Chapter OneCamera Raw
First and foremost, Aperture is a Raw converter. You can use it to organize, annotate, edit and output TIFF, JPEG and other RGB file formats and it does a great job, but this is to ignore its most useful function.
Aperture's Raw decoder is designed to help you squeeze the last ounce of quality from your digital images. From the Raw Fine Tuning controls that allow you to influence how Aperture's decoder interprets the data in your Camera Raw files, to the tonal adjustments that allow you to recover apparently lost highlight and shadow detail, Aperture's tools are designed primarily to work with Camera Raw files.
Knowing what Camera Raw files are, how they differ from RGB file formats like TIFF, JPEG and PSD, and how Camera Raw data are produced and stored will influence every aspect of your digital imaging workflow — from your choice of exposure to how and when you apply Sharpening to your images.
In this chapter we begin by taking a look at what Camera Raw is and the advantages and disadvantages of adopting a Raw digital imaging workflow. If you're not currently shooting Raw, and aren't sure that it's for you, this information may help you come to a decision.

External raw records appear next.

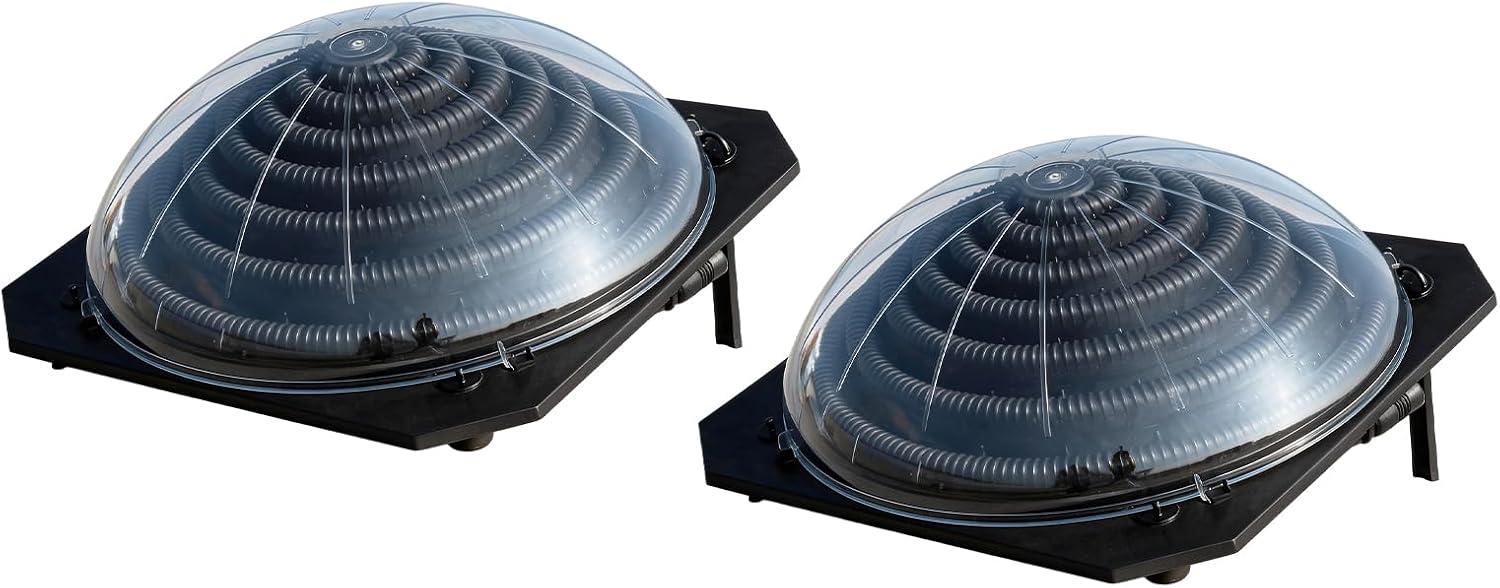 VINGLI Solar Pool Heater Above Ground Domed Solar Powered Swimming Pool Heater Contour Pool Heating Coil (2 Packs), Black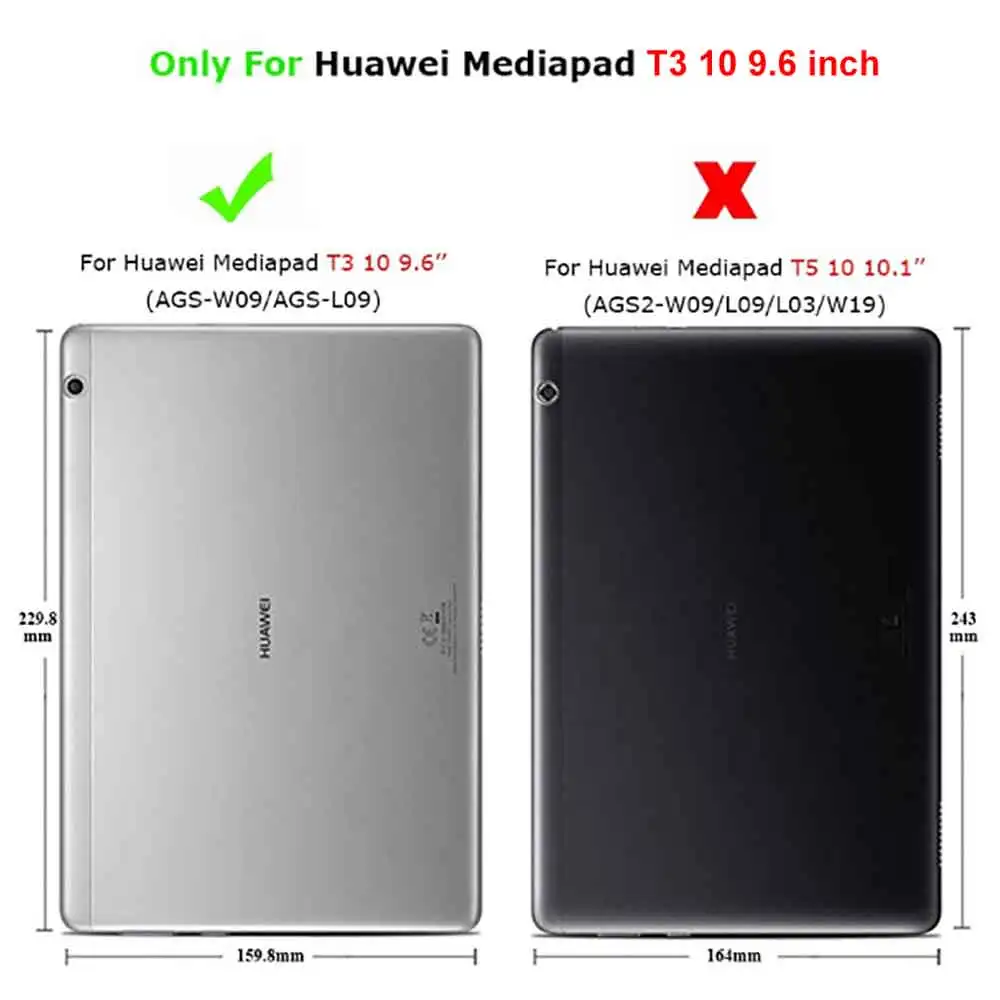 360 Вращающийся чехол для Huawei MediaPad T3 10 Крышка AGS W09 L09 L03 9 6 ''планшет откидной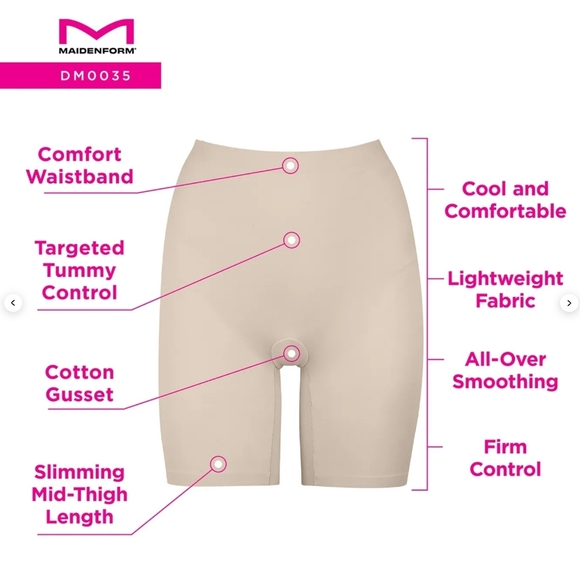 3X PLUS SHAPEWEAR THIGH SLIMMER BLACK 3-PK MAIDENFORM COOL COMFORT SMOOTH STYLE - Picture 5 of 7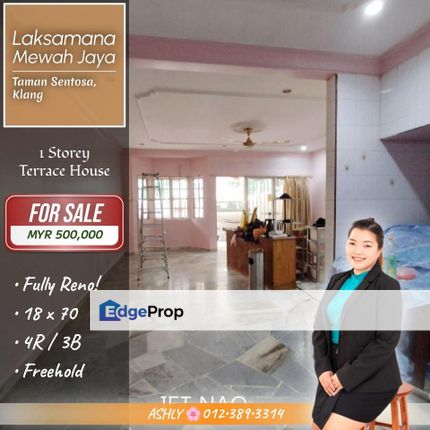 RARE Unit + Renovated 🎨 Double Storey Terrace House for SALE | Taman Mewah Jaya, Taman Sentosa, Klang, Selangor, Klang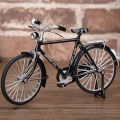 1:10 Model Alloy Retro Bike Diecast Decoration Model Metal Toy Black Bicycle Simulation Collection Gifts Toys for boys. 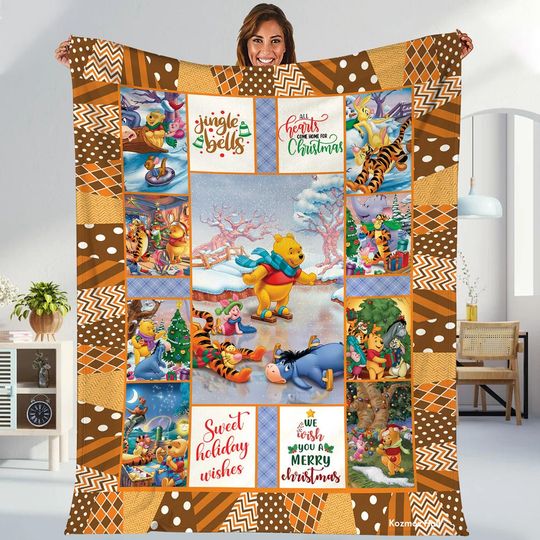 Discover Disneyland Winnie The Pooh Christmas Blanket, Pooh Tigger Piglet Eeyore Fleece Blanket, Pooh Bear Disneyland Throw Blanket, Christmas Gift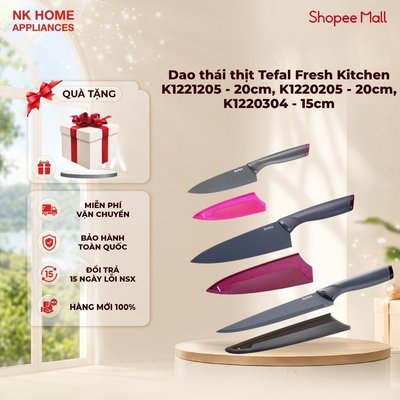Dao thái thịt phủ Titanium Tefal Fresh Kitchen K1221205 - 20cm, K1220205 - 20cm, K1220304 - 15cm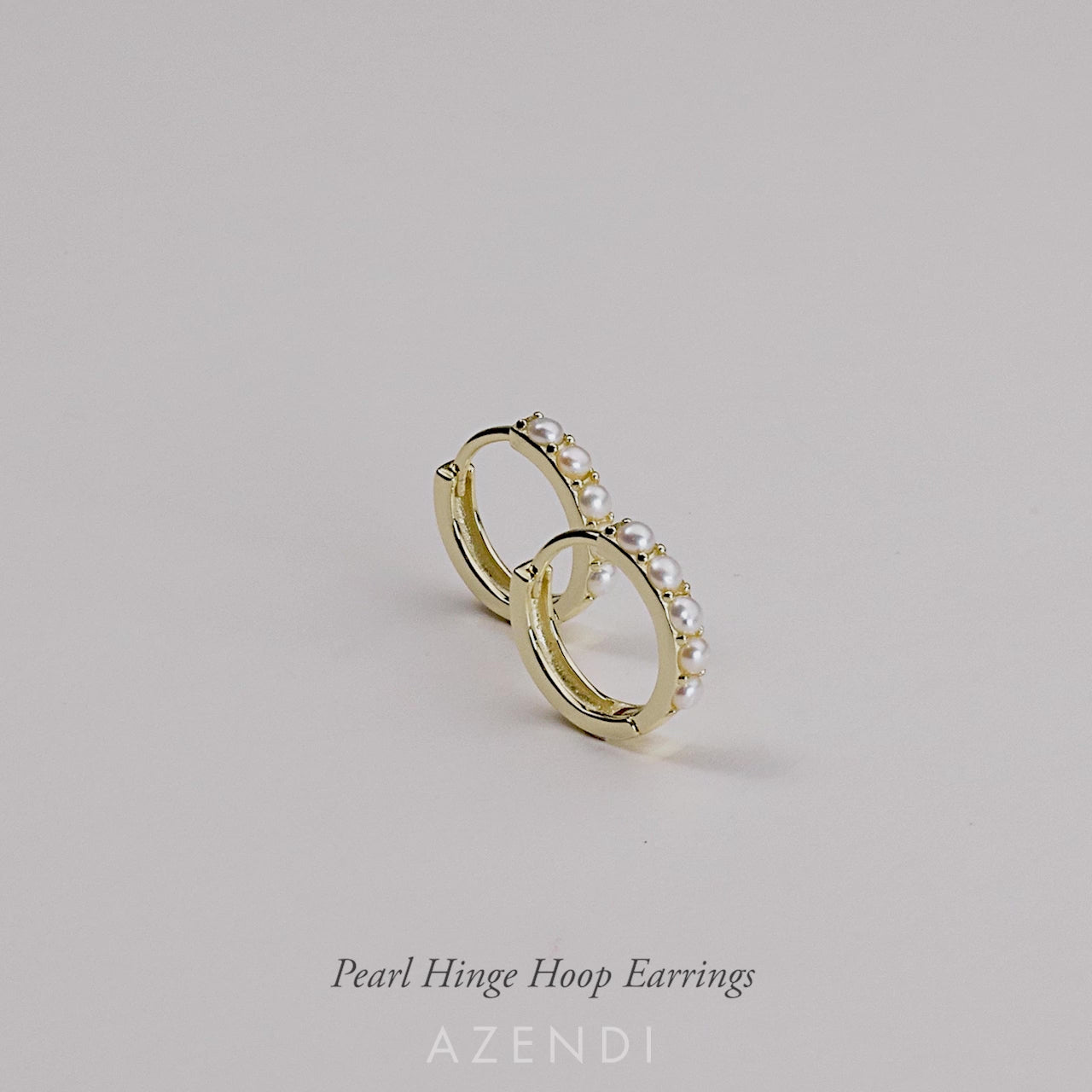 Pearl Hinge Hoop Earrings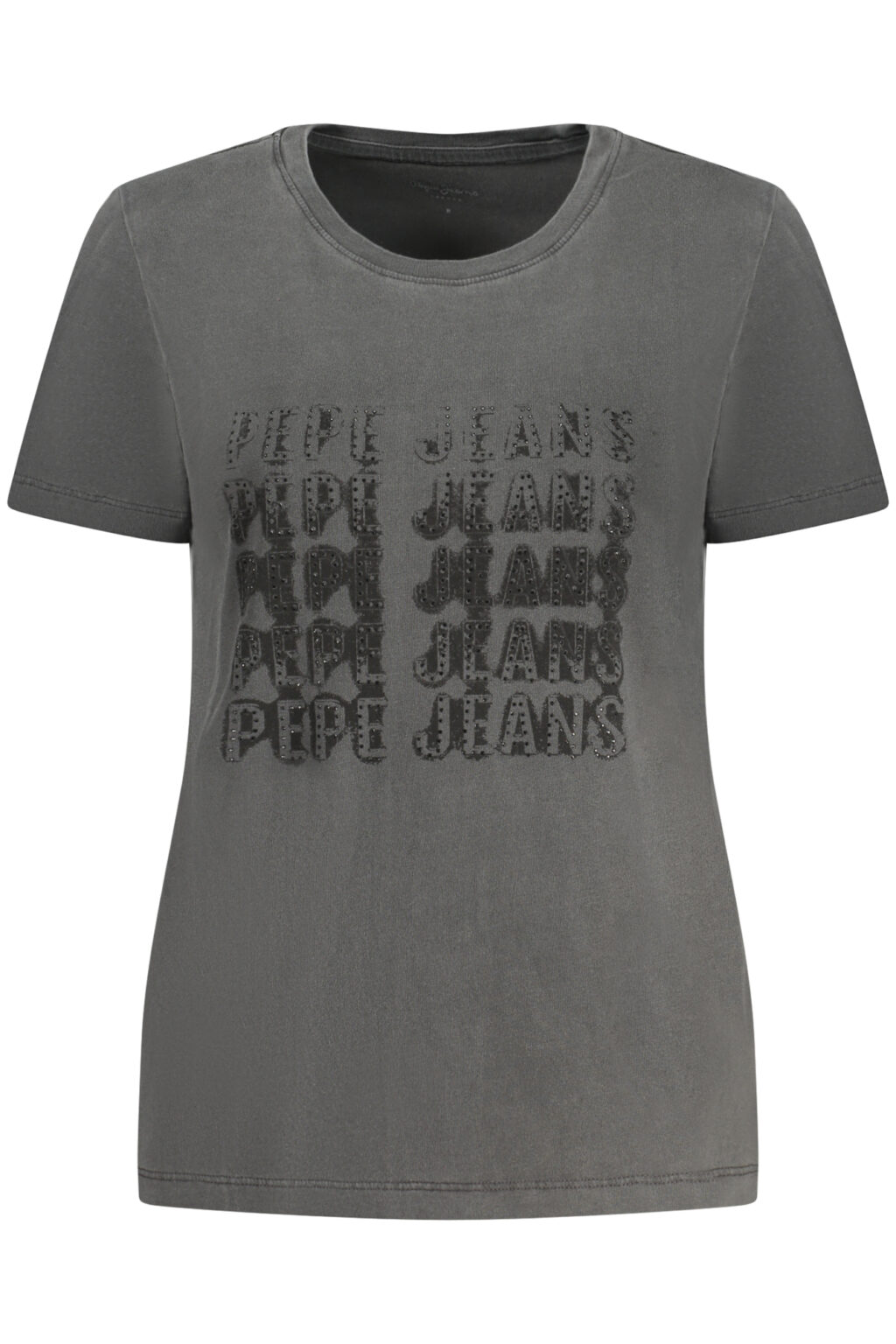 PEPE JEANS moteriški juodi marškinėliai trumpomis rankovėmis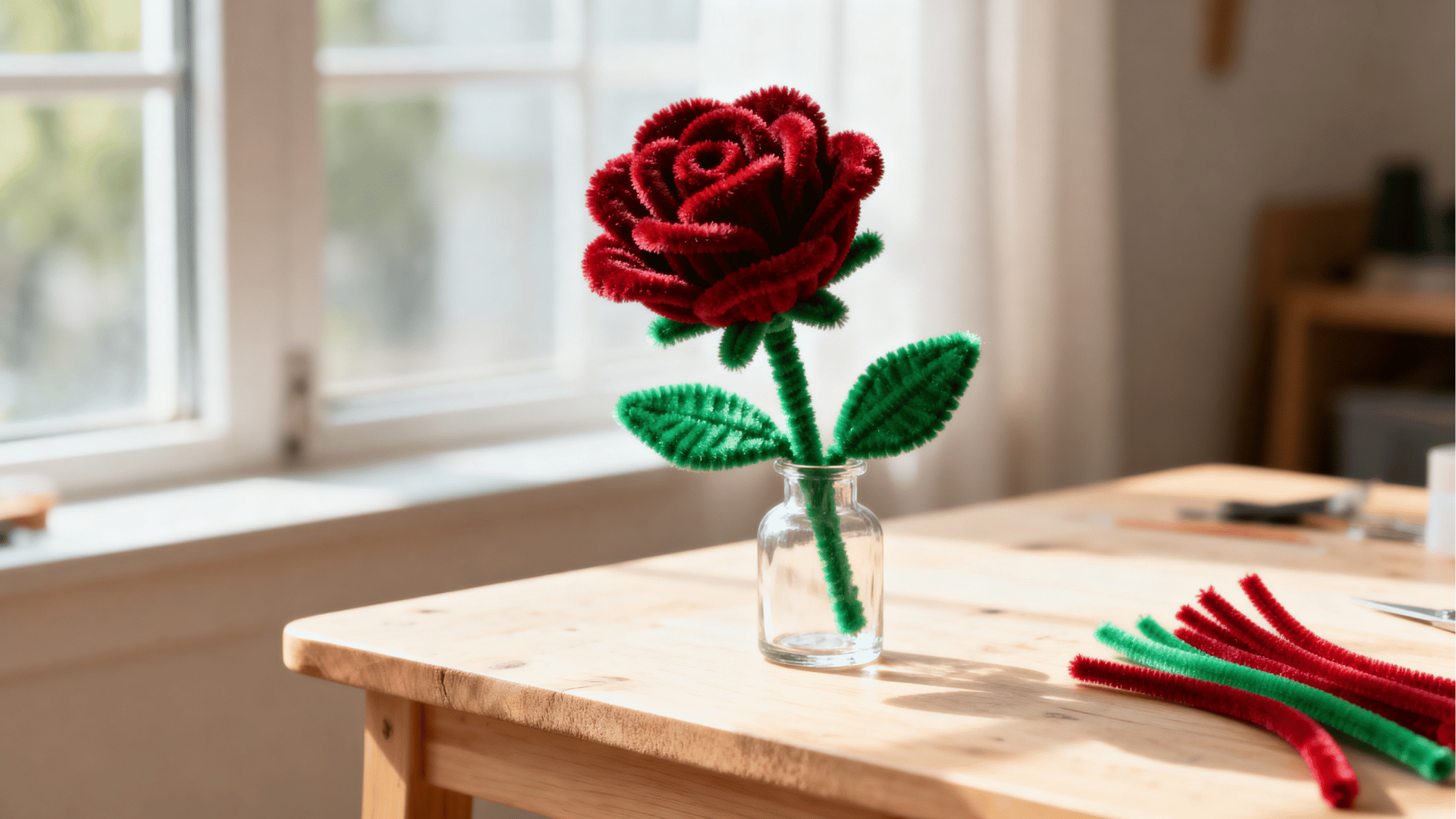 red pipe cleaner rose with green stem and leaves displayed in a small glass vase on a sunlit wooden table near a window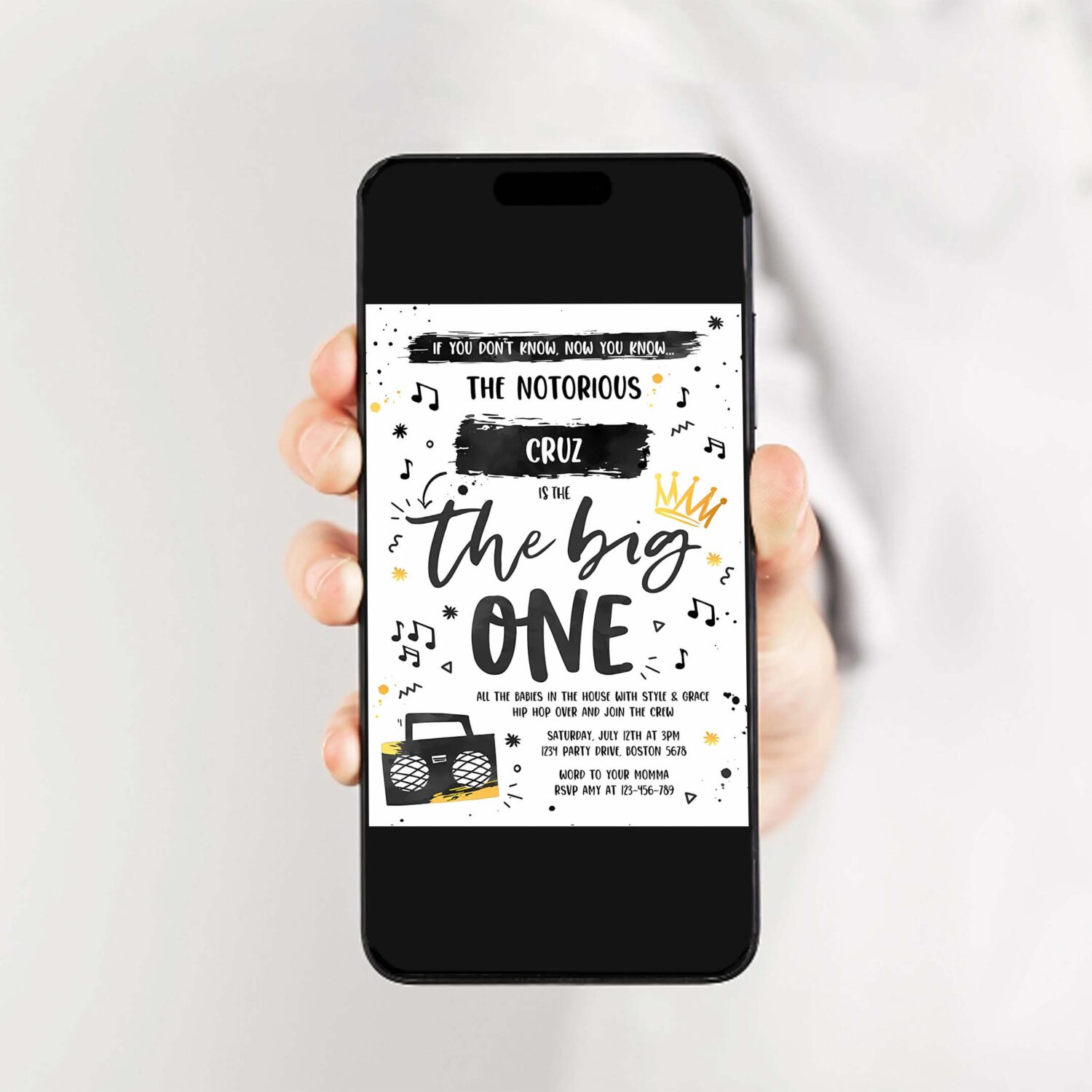 Editable notorious one birthday invitation hip hop the big one birthday invitation 90s hip hop 1st birthday party 2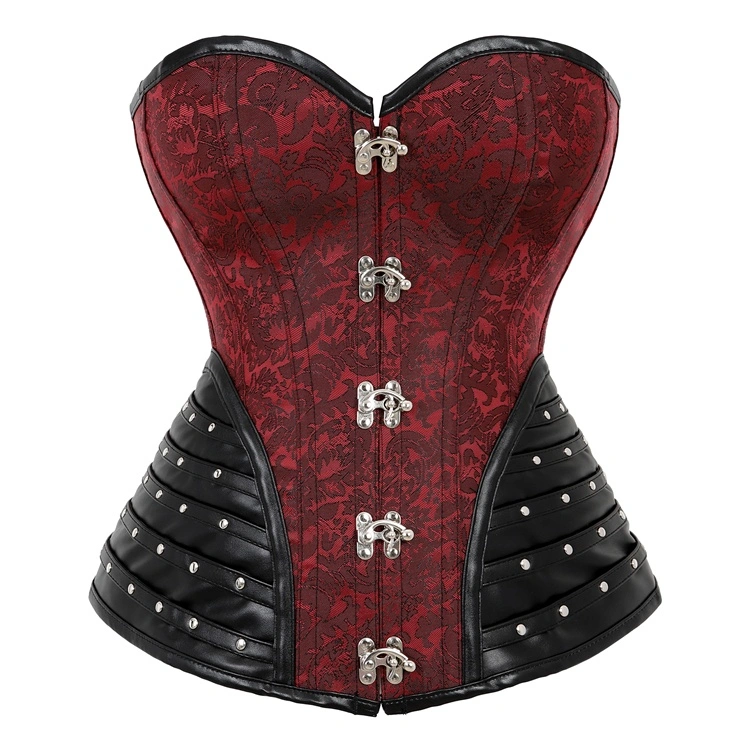DISCOBOLE Corset Rock Gothique Rouge 6 DISCOBOLE Corset Rock Gothique Rouge – Image 4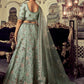 Rajwada - Classic Sea Green Georgette Embroidered Semi Stitched Lehenga With Unstitched Blouse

Following that we take a fairly technical look at how imaging sensors record the data in a scene and how that information is stored in a Camera Raw file. It's not essential to know this, but it will help you make shooting and editing decisions that produce the best possible final image quality.
The second half of the chapter deals specifically with the Adjustment controls found in the Raw Fine Tuning adjustment of Aperture's Adjustments Inspector (Fig. 1.1). These are only available when working with Camera Raw files and determine how Aperture's Raw decoder interprets Raw data to produce an RGB image ready for further editing. If you're new to Aperture you might want to fast forward to Chapter 2 to familiarize yourself with the workspace and how Aperture works with images and Versions before returning here.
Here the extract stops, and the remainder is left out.